= Entries shown =

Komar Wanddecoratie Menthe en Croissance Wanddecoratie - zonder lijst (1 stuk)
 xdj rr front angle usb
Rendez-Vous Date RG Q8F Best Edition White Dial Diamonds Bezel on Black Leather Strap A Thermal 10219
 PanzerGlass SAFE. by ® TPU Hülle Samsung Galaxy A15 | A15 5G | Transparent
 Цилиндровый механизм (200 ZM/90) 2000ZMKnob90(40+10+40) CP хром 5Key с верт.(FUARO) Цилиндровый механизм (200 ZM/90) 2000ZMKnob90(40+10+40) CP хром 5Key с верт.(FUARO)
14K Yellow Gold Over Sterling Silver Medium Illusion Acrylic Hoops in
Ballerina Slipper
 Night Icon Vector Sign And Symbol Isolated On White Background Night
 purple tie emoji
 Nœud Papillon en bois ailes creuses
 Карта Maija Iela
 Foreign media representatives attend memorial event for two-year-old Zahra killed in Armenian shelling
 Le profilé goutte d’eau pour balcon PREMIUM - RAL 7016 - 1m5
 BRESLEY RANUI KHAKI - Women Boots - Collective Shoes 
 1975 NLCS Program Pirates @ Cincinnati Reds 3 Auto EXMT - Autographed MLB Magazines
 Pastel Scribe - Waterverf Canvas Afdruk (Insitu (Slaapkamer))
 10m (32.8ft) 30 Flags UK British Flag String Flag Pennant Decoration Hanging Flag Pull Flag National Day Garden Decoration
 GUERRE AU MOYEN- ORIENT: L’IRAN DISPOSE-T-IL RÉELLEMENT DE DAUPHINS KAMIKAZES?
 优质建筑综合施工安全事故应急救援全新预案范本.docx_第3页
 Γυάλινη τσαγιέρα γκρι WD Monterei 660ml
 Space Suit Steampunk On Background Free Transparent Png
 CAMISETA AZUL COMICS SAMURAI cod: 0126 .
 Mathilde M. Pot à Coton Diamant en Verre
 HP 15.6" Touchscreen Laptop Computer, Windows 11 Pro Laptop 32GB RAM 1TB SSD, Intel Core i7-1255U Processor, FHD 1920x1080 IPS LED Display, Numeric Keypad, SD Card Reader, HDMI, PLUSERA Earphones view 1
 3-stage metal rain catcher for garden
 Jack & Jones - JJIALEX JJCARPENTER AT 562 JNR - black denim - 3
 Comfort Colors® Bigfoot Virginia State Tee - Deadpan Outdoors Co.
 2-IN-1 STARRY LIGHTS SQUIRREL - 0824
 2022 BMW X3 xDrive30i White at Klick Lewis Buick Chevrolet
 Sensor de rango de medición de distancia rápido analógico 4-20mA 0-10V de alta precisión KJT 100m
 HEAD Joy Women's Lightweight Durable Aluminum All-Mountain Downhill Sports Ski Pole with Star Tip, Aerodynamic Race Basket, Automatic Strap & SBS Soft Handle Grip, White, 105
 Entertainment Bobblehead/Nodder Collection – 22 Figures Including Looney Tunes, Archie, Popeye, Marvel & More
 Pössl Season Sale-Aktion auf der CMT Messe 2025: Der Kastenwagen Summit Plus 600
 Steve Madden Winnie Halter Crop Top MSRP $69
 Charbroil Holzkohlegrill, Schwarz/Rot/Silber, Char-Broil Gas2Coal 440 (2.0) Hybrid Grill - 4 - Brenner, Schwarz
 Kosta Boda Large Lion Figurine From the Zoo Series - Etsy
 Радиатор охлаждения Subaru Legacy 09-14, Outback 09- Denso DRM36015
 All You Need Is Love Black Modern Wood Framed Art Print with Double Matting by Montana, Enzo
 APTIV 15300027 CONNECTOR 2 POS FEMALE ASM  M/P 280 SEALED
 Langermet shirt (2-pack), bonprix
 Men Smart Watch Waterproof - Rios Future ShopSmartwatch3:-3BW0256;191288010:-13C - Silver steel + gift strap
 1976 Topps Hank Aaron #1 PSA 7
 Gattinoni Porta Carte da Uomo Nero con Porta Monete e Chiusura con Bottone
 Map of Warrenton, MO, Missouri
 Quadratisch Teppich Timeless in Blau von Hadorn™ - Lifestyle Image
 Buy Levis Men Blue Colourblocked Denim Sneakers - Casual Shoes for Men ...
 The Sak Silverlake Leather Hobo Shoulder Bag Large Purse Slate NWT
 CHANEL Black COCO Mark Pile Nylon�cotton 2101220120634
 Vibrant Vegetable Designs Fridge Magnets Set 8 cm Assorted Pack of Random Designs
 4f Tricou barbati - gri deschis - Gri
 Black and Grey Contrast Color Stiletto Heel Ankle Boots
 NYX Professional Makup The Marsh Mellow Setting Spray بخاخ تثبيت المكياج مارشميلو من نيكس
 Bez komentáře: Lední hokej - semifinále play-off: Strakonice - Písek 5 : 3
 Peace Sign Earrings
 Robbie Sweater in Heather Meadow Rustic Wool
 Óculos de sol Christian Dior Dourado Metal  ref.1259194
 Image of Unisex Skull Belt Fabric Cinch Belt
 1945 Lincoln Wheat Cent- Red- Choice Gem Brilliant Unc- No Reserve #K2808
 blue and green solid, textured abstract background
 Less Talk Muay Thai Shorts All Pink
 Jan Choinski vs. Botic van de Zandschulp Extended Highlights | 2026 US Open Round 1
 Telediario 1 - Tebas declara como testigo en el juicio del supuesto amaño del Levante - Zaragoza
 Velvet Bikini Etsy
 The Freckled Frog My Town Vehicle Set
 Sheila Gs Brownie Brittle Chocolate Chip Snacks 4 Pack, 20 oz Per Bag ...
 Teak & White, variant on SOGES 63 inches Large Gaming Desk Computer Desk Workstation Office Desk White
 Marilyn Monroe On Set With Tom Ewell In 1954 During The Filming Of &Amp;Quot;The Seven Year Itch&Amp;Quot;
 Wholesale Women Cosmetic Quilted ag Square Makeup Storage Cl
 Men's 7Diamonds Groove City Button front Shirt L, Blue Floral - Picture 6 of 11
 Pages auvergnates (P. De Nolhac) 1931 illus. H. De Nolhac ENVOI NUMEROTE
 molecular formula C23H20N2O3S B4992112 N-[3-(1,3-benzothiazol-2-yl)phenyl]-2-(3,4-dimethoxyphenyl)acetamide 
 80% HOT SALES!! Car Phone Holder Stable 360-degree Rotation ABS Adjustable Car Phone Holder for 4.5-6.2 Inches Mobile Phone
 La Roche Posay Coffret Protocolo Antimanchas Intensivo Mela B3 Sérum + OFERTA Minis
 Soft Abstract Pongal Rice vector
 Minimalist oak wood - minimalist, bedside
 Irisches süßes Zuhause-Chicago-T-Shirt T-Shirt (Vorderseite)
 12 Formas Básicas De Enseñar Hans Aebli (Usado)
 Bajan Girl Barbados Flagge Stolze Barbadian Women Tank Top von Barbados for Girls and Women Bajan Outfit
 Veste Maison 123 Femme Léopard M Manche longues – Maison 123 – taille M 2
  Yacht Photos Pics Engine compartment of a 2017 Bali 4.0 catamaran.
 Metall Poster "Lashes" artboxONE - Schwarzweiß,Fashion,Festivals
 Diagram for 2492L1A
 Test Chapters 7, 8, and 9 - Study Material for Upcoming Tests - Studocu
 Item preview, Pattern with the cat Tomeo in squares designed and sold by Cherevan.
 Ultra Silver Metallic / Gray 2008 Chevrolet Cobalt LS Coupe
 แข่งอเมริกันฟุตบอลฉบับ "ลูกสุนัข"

= Problem description =
Transcribe the listing above verbatim, leaving every line whole.

= Response for this exercise =
Komar Wanddecoratie Menthe en Croissance Wanddecoratie - zonder lijst (1 stuk)
 xdj rr front angle usb
Rendez-Vous Date RG Q8F Best Edition White Dial Diamonds Bezel on Black Leather Strap A Thermal 10219
 PanzerGlass SAFE. by ® TPU Hülle Samsung Galaxy A15 | A15 5G | Transparent
 Цилиндровый механизм (200 ZM/90) 2000ZMKnob90(40+10+40) CP хром 5Key с верт.(FUARO) Цилиндровый механизм (200 ZM/90) 2000ZMKnob90(40+10+40) CP хром 5Key с верт.(FUARO)
14K Yellow Gold Over Sterling Silver Medium Illusion Acrylic Hoops in
Ballerina Slipper
 Night Icon Vector Sign And Symbol Isolated On White Background Night
 purple tie emoji
 Nœud Papillon en bois ailes creuses
 Карта Maija Iela
 Foreign media representatives attend memorial event for two-year-old Zahra killed in Armenian shelling
 Le profilé goutte d’eau pour balcon PREMIUM - RAL 7016 - 1m5
 BRESLEY RANUI KHAKI - Women Boots - Collective Shoes 
 1975 NLCS Program Pirates @ Cincinnati Reds 3 Auto EXMT - Autographed MLB Magazines
 Pastel Scribe - Waterverf Canvas Afdruk (Insitu (Slaapkamer))
 10m (32.8ft) 30 Flags UK British Flag String Flag Pennant Decoration Hanging Flag Pull Flag National Day Garden Decoration
 GUERRE AU MOYEN- ORIENT: L’IRAN DISPOSE-T-IL RÉELLEMENT DE DAUPHINS KAMIKAZES?
 优质建筑综合施工安全事故应急救援全新预案范本.docx_第3页
 Γυάλινη τσαγιέρα γκρι WD Monterei 660ml
 Space Suit Steampunk On Background Free Transparent Png
 CAMISETA AZUL COMICS SAMURAI cod: 0126 .
 Mathilde M. Pot à Coton Diamant en Verre
 HP 15.6" Touchscreen Laptop Computer, Windows 11 Pro Laptop 32GB RAM 1TB SSD, Intel Core i7-1255U Processor, FHD 1920x1080 IPS LED Display, Numeric Keypad, SD Card Reader, HDMI, PLUSERA Earphones view 1
 3-stage metal rain catcher for garden
 Jack & Jones - JJIALEX JJCARPENTER AT 562 JNR - black denim - 3
 Comfort Colors® Bigfoot Virginia State Tee - Deadpan Outdoors Co.
 2-IN-1 STARRY LIGHTS SQUIRREL - 0824
 2022 BMW X3 xDrive30i White at Klick Lewis Buick Chevrolet
 Sensor de rango de medición de distancia rápido analógico 4-20mA 0-10V de alta precisión KJT 100m
 HEAD Joy Women's Lightweight Durable Aluminum All-Mountain Downhill Sports Ski Pole with Star Tip, Aerodynamic Race Basket, Automatic Strap & SBS Soft Handle Grip, White, 105
 Entertainment Bobblehead/Nodder Collection – 22 Figures Including Looney Tunes, Archie, Popeye, Marvel & More
 Pössl Season Sale-Aktion auf der CMT Messe 2025: Der Kastenwagen Summit Plus 600
 Steve Madden Winnie Halter Crop Top MSRP $69
 Charbroil Holzkohlegrill, Schwarz/Rot/Silber, Char-Broil Gas2Coal 440 (2.0) Hybrid Grill - 4 - Brenner, Schwarz
 Kosta Boda Large Lion Figurine From the Zoo Series - Etsy
 Радиатор охлаждения Subaru Legacy 09-14, Outback 09- Denso DRM36015
 All You Need Is Love Black Modern Wood Framed Art Print with Double Matting by Montana, Enzo
 APTIV 15300027 CONNECTOR 2 POS FEMALE ASM  M/P 280 SEALED
 Langermet shirt (2-pack), bonprix
 Men Smart Watch Waterproof - Rios Future ShopSmartwatch3:-3BW0256;191288010:-13C - Silver steel + gift strap
 1976 Topps Hank Aaron #1 PSA 7
 Gattinoni Porta Carte da Uomo Nero con Porta Monete e Chiusura con Bottone
 Map of Warrenton, MO, Missouri
 Quadratisch Teppich Timeless in Blau von Hadorn™ - Lifestyle Image
 Buy Levis Men Blue Colourblocked Denim Sneakers - Casual Shoes for Men ...
 The Sak Silverlake Leather Hobo Shoulder Bag Large Purse Slate NWT
 CHANEL Black COCO Mark Pile Nylon�cotton 2101220120634
 Vibrant Vegetable Designs Fridge Magnets Set 8 cm Assorted Pack of Random Designs
 4f Tricou barbati - gri deschis - Gri
 Black and Grey Contrast Color Stiletto Heel Ankle Boots
 NYX Professional Makup The Marsh Mellow Setting Spray بخاخ تثبيت المكياج مارشميلو من نيكس
 Bez komentáře: Lední hokej - semifinále play-off: Strakonice - Písek 5 : 3
 Peace Sign Earrings
 Robbie Sweater in Heather Meadow Rustic Wool
 Óculos de sol Christian Dior Dourado Metal  ref.1259194
 Image of Unisex Skull Belt Fabric Cinch Belt
 1945 Lincoln Wheat Cent- Red- Choice Gem Brilliant Unc- No Reserve #K2808
 blue and green solid, textured abstract background
 Less Talk Muay Thai Shorts All Pink
 Jan Choinski vs. Botic van de Zandschulp Extended Highlights | 2026 US Open Round 1
 Telediario 1 - Tebas declara como testigo en el juicio del supuesto amaño del Levante - Zaragoza
 Velvet Bikini Etsy
 The Freckled Frog My Town Vehicle Set
 Sheila Gs Brownie Brittle Chocolate Chip Snacks 4 Pack, 20 oz Per Bag ...
 Teak & White, variant on SOGES 63 inches Large Gaming Desk Computer Desk Workstation Office Desk White
 Marilyn Monroe On Set With Tom Ewell In 1954 During The Filming Of &Amp;Quot;The Seven Year Itch&Amp;Quot;
 Wholesale Women Cosmetic Quilted ag Square Makeup Storage Cl
 Men's 7Diamonds Groove City Button front Shirt L, Blue Floral - Picture 6 of 11
 Pages auvergnates (P. De Nolhac) 1931 illus. H. De Nolhac ENVOI NUMEROTE
 molecular formula C23H20N2O3S B4992112 N-[3-(1,3-benzothiazol-2-yl)phenyl]-2-(3,4-dimethoxyphenyl)acetamide 
 80% HOT SALES!! Car Phone Holder Stable 360-degree Rotation ABS Adjustable Car Phone Holder for 4.5-6.2 Inches Mobile Phone
 La Roche Posay Coffret Protocolo Antimanchas Intensivo Mela B3 Sérum + OFERTA Minis
 Soft Abstract Pongal Rice vector
 Minimalist oak wood - minimalist, bedside
 Irisches süßes Zuhause-Chicago-T-Shirt T-Shirt (Vorderseite)
 12 Formas Básicas De Enseñar Hans Aebli (Usado)
 Bajan Girl Barbados Flagge Stolze Barbadian Women Tank Top von Barbados for Girls and Women Bajan Outfit
 Veste Maison 123 Femme Léopard M Manche longues – Maison 123 – taille M 2
  Yacht Photos Pics Engine compartment of a 2017 Bali 4.0 catamaran.
 Metall Poster "Lashes" artboxONE - Schwarzweiß,Fashion,Festivals
 Diagram for 2492L1A
 Test Chapters 7, 8, and 9 - Study Material for Upcoming Tests - Studocu
 Item preview, Pattern with the cat Tomeo in squares designed and sold by Cherevan.
 Ultra Silver Metallic / Gray 2008 Chevrolet Cobalt LS Coupe
 แข่งอเมริกันฟุตบอลฉบับ "ลูกสุนัข"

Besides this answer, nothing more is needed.